Variable Rate vs Fixed Rate Credit Cards
Smart consumers know to shop for
credit cards based on the cost of using that credit. The card's annual percentage rate, or APR, is often one of the first factors many consider when choosing a card. All credit cards either have a fixed or variable rate, and understanding the difference between the two can prepare consumers for the possibility of a change in their credit card's current APR. Some credit cards may be a combination of both; it may have a fixed rate for purchases and a variable rate for cash advances and default rates.
Variable Rate Credit Cards
The vast majority of credit card issuers offer variable rate credit cards; the APR of a variable rate card will fluctuate and is directly tied to an index. You can't choose the index that you want your credit card's rates to be tied to, but knowing which one is used for your credit card can help you understand the fluctuations in your card's APR. Credit card rates are commonly adjusted monthly but some may be adjusted quarterly; check your Cardholder Agreement for a detailed explanation of how often your card's APR may change. Also, even though the rate is tied to the index, most credit cards have a minimum rate, or floor, meaning you will still pay at least a certain rate of interest no matter how low the index goes.

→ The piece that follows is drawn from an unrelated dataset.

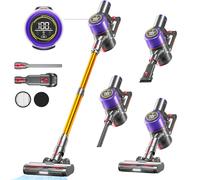 Cordless Vacuum Cleaner, 45Kpa 550W Powerful Vacuum Cleaners for Home , 60 Mins Stick Vacuum with Touch Screen, Anti-Tangle Roller Brush, Lightweight Vacuum Cordless for Pet Hair, Carpets, Hard Floors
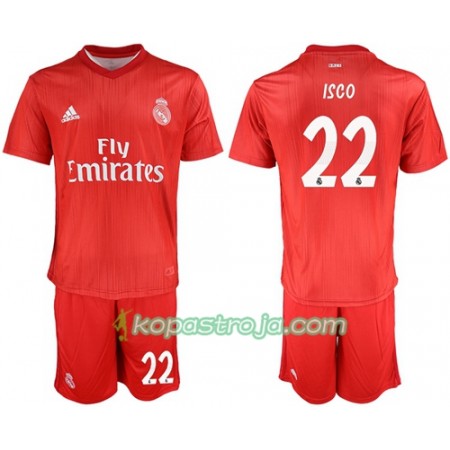 Billiga Fotbollströjor Real Madrid Isco 22 Barn Tredje tröja 2018/19 Kortärmad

Most variable rate cards are based on the U.S. Prime Rate. The Prime Rate is the interest rate that banks charge their best commercial customers for short term loans. The Prime Rate is updated daily in the Wall Street Journal, though it may only actually change once in six weeks. The Prime Rate is a widely used benchmark, and many credit card issuers as well as mortgage lenders use this rate to set their interest rates. Your Cardholder Agreement will explain how to get your card's current interest rate, such as Prime Rate plus 7%. If the current Prime Rate is 7.5%, plus the margin of 7%, then your card's current rate will be 14.5%.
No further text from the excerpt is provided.